This does not surprise me as it would be kind of ridiculous to pay for listings while others were added free.
>>I also got some confirmation that they have definitely been adding a spam penalty to free submissions and that they will remove the penalty if you pay.<<
Now this I'm surprised at. They are penalizing people that are adding sites legally and spam free through their add-url? Why bother taking free listings at all? This means they are blackmailing people into using their paid services? I find that hard to believe, even for Ink!
We have a #8 ranking for home improvement loans across the board. When Yahoo used Inktomi, this listing would have received decent click through numbers, even though it required a click through the "web page results" drill down tab. I guess AOL users, haven't figured out the "Web Pages" tab, is an active link? Cause click through numbers have been terrible on that listing. And we know that searches for that keyword phrase are numerous. What does that tell you about AOL demographics? :)
MSN doesn't cluster results, so the "spam kings" still have an open run there. iWon searchers just click a enough searches to get their 100 daily points, then go bye-bye, and Hotbot users have to wade through DH, then a few DMOZ listings, to get to the meat....
Maybe the "home improvement loan" market is an up-and-coming boom in Japan, and we need to concentrate on Goo? :)
We're going to keep tuning, cause it's in our blood, and I wouldn't know what to do with all the free time I'd have, if I ended the "INKTOMI" frustration....
But any Inktomi staffers, if you are "lurking", you took a left turn, down the wrong way, of a "one way" road, to SE death..... You are too late, to take on Goto, and AV/FAST/Google will eat you alive in the International arena...

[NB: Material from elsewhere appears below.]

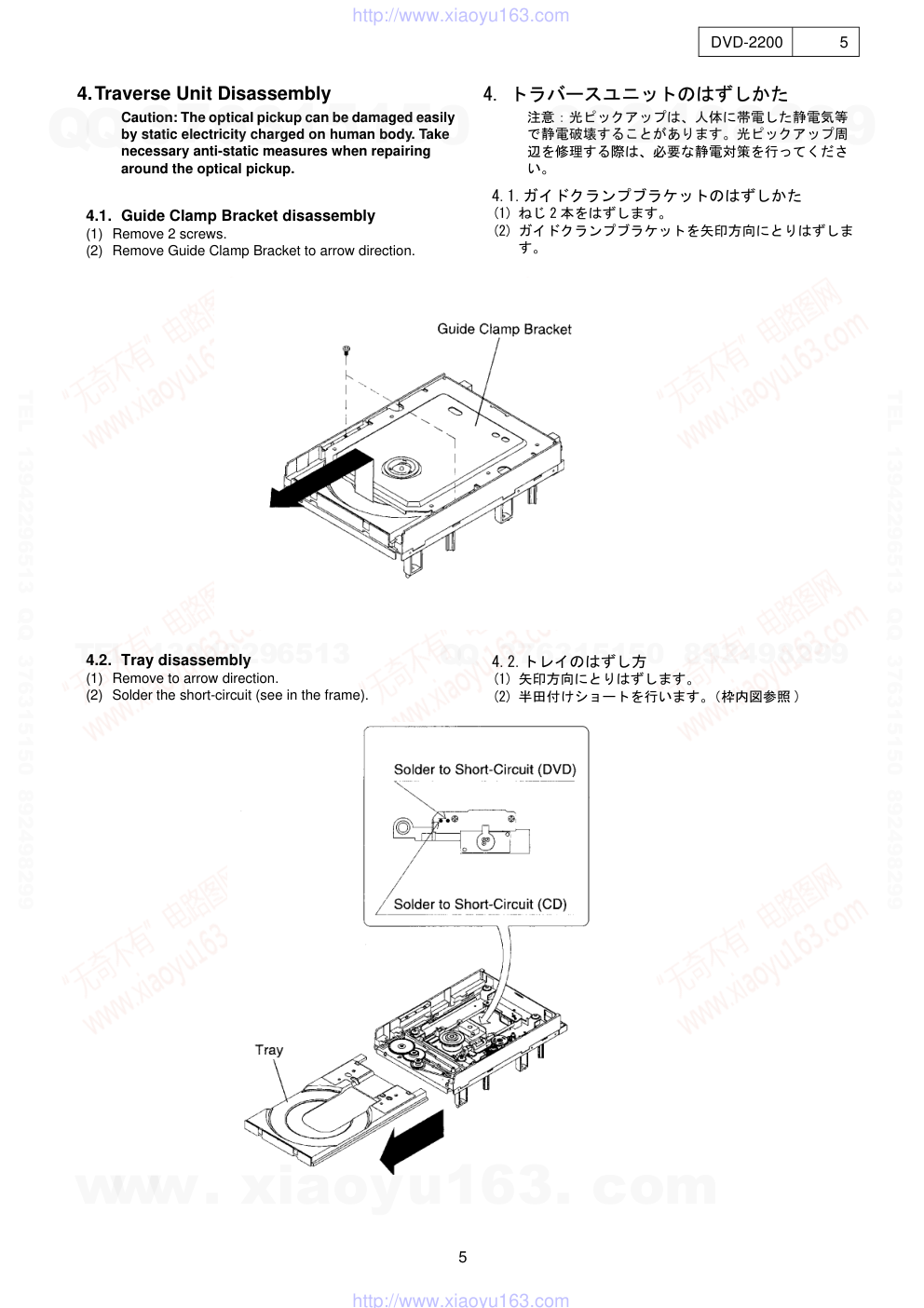 天龙DENON DVD-2200 DVDCD播放器电路图-4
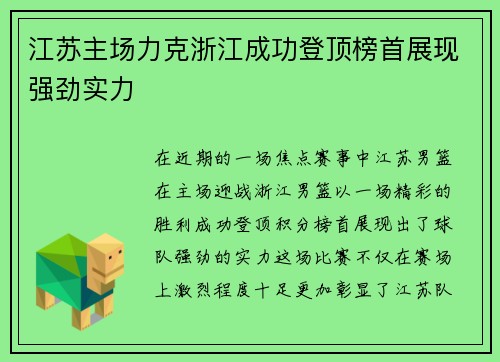 江苏主场力克浙江成功登顶榜首展现强劲实力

By the way, I'm not saying that Inktomi as a corporate entity is going away.. They have publicly stated they are changing the focus of their "core" business. They recently purchased Infoseek's UltraSeek Engine, and have other vertical markets they are concentrating on. I don't know if their stock value will retain the levels, that we saw in '99, but they are a long term player, with a lot of infrastructure. Not that their business plan does us much good for SEO, though.... :(
If Ink expands the program to theses partners, it becomes more difficult for someone like Google to come in and replace Ink. Another thing to consider is that AV and Go also announced that they will be introducing pay programs in the near future.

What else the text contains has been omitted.